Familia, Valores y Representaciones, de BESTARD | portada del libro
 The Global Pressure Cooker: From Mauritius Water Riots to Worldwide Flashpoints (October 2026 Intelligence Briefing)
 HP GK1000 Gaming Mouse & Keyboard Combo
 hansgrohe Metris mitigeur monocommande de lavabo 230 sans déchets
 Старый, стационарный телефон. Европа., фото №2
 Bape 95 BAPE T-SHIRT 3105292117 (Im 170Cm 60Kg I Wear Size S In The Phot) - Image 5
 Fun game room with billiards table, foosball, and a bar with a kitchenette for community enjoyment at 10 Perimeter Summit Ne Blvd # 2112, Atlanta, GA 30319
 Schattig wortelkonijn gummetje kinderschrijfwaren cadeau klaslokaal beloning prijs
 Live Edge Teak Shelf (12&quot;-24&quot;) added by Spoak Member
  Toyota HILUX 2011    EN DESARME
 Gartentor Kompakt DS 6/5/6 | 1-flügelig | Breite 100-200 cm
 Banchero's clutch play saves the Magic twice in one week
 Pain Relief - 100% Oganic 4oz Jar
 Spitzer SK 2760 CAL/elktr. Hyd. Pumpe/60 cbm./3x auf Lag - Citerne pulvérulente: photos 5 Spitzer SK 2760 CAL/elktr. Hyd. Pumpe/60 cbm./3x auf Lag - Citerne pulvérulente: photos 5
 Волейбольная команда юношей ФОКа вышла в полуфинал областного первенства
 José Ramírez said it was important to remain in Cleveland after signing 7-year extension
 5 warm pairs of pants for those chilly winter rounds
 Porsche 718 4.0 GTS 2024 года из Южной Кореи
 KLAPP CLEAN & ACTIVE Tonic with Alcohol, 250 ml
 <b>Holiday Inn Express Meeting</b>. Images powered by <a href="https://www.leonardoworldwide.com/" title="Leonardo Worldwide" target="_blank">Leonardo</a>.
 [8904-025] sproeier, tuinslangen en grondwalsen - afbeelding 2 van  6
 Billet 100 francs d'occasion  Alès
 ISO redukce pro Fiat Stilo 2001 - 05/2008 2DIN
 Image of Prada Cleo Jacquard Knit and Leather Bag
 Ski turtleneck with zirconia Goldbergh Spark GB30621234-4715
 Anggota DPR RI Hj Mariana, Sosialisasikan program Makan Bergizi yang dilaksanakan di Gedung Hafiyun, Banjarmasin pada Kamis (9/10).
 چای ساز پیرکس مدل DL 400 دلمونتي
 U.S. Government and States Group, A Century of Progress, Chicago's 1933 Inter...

────

* _WHAT YOU NEED TO DO_: Across the entries above, how many lines contain "with"? Provide only the count.

* _FINISHED TASK_: 3